In my view neither of those proposed changes meets the difficulties already identified in relation to satisfaction of the requirements of section 1. The variations in relation both to the sliding scale and to the alternative site elements occurred, in terms of consensus, at earliest on 19 March 1998 after the closure of the car park, which cannot accordingly have been an action in reliance on the contract as varied. There is, moreover, nothing which makes any of the actions relied on (including any continuing loss of revenue from the car park) referable to the contract as varied rather than to it prior to variation. The proposed amendment does not, in my view, cure this fundamental difficulty. In these circumstances no advantage would be served by allowing the minute to be received.

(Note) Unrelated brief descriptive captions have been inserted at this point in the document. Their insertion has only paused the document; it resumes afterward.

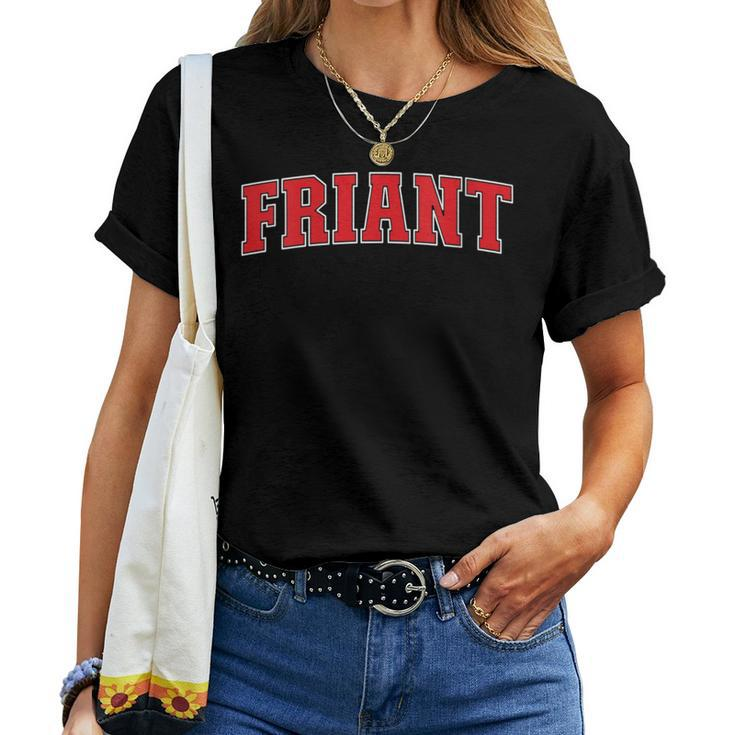 Friant California Souvenir Trip College Style Red Text Women T-shirt
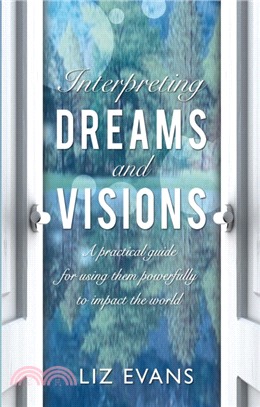 Interpreting Dreams and Visions：A practical guide for using them powerfully to impact the world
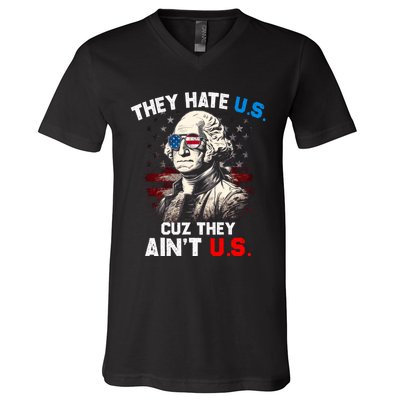 They Hate Us Cuz They Aint Us Funny 4th Of July Independence Day V-Neck T-Shirt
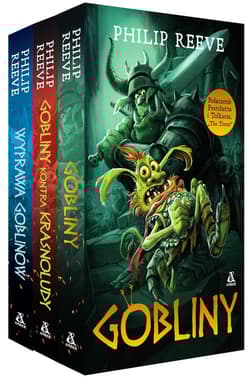 Pakiet Gobliny / Gobliny kontra krasnoludy / Wyprawa goblinów - Philip Reeve
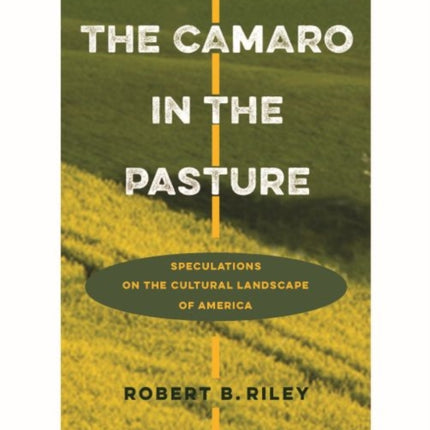 The Camaro in the Pasture: Speculations on the Cultural Landscape of America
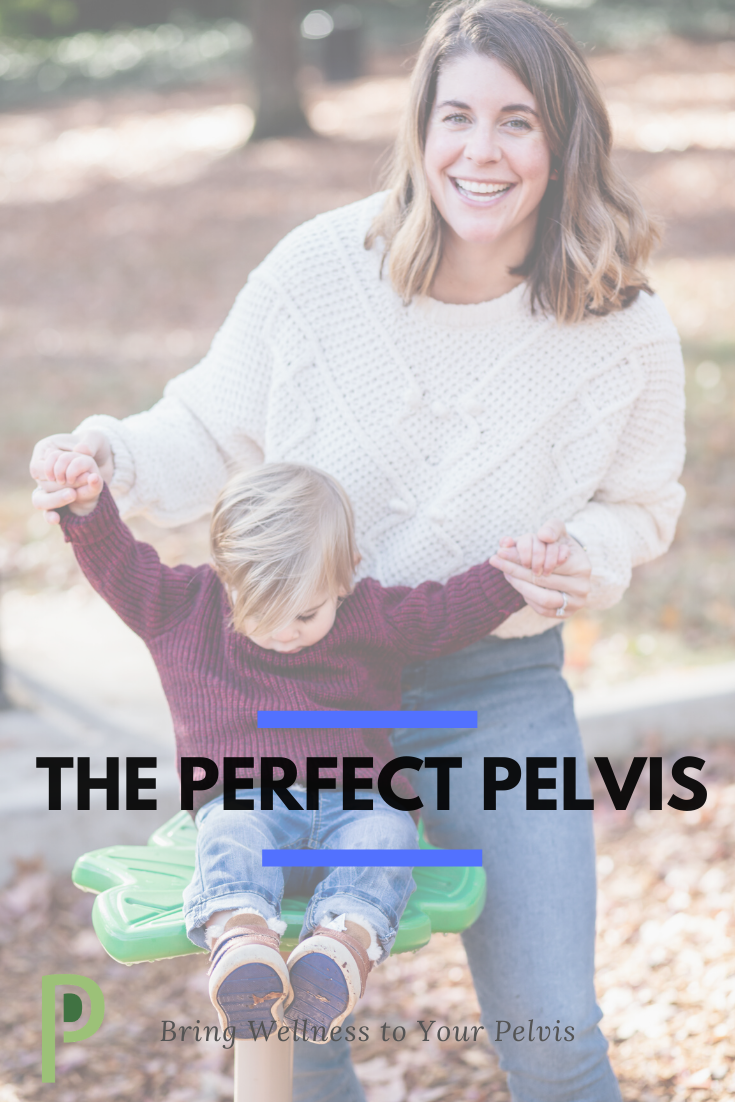 The PERFECT Pelvis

The motion is accordingly refused on that ground.
I should add that Mrs Paton argued, somewhat faintly, that the minute should be refused as coming "too late". I would not have refused its receipt on that ground.
It was accepted that, if I refused to allow the minute to be received, the appropriate course to give effect to my views was to sustain the defender's first plea-in-law and dismiss the action. That I shall now do.